• _Assigned task_
Transcribe the entries below word for word, beginning at the line with "Walk-in shower featuring" and stopping after the line with "Jon Burrown and"; drop all pictures.

• _Exercise materials_
_ _ _ _ _
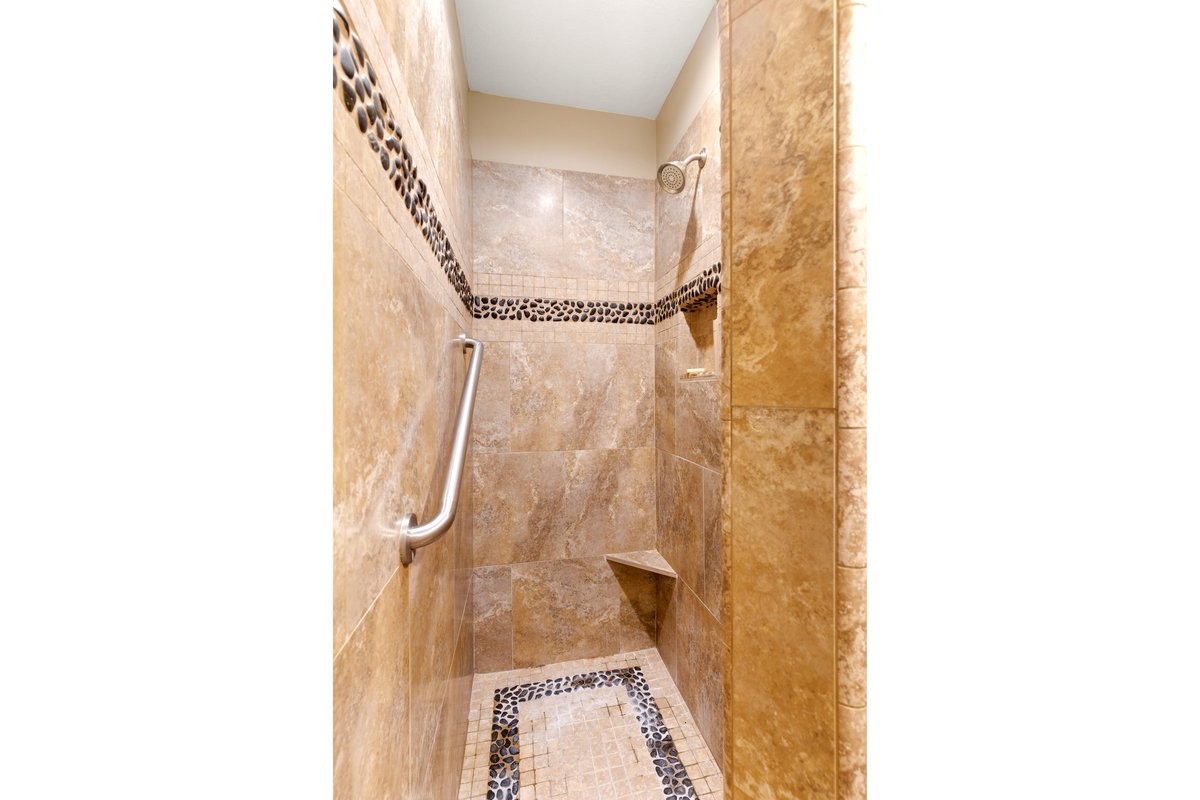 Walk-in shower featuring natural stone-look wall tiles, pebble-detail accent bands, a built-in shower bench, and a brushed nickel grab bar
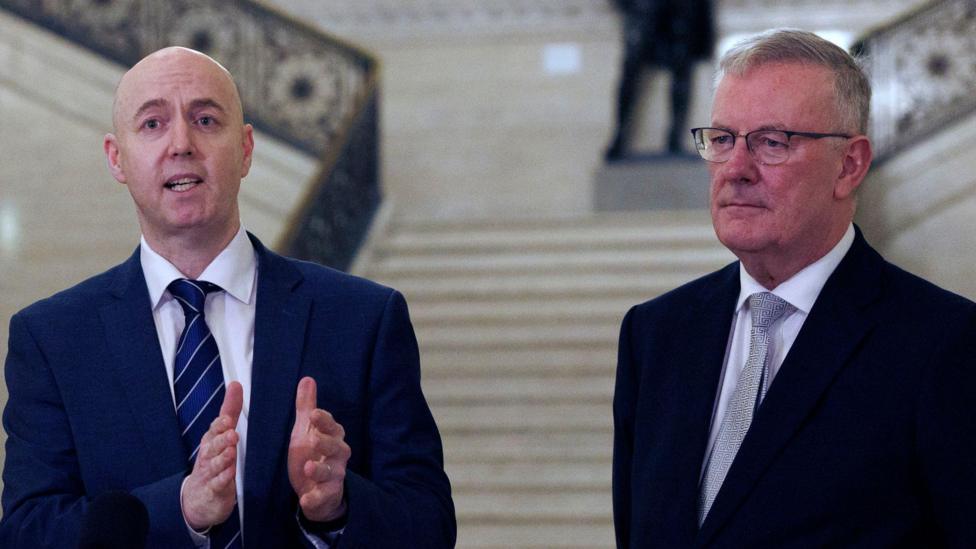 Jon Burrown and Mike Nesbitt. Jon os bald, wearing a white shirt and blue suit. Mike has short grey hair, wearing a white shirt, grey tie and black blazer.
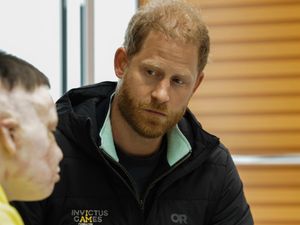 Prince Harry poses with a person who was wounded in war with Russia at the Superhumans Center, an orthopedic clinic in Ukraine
_ _ _ _ _
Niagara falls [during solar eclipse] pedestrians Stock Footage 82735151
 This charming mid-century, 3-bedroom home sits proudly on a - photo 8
_ _ _ _ _
• _Reply_
 Walk-in shower featuring natural stone-look wall tiles, pebble-detail accent bands, a built-in shower bench, and a brushed nickel grab bar
 Jon Burrown and Mike Nesbitt. Jon os bald, wearing a white shirt and blue suit. Mike has short grey hair, wearing a white shirt, grey tie and black blazer.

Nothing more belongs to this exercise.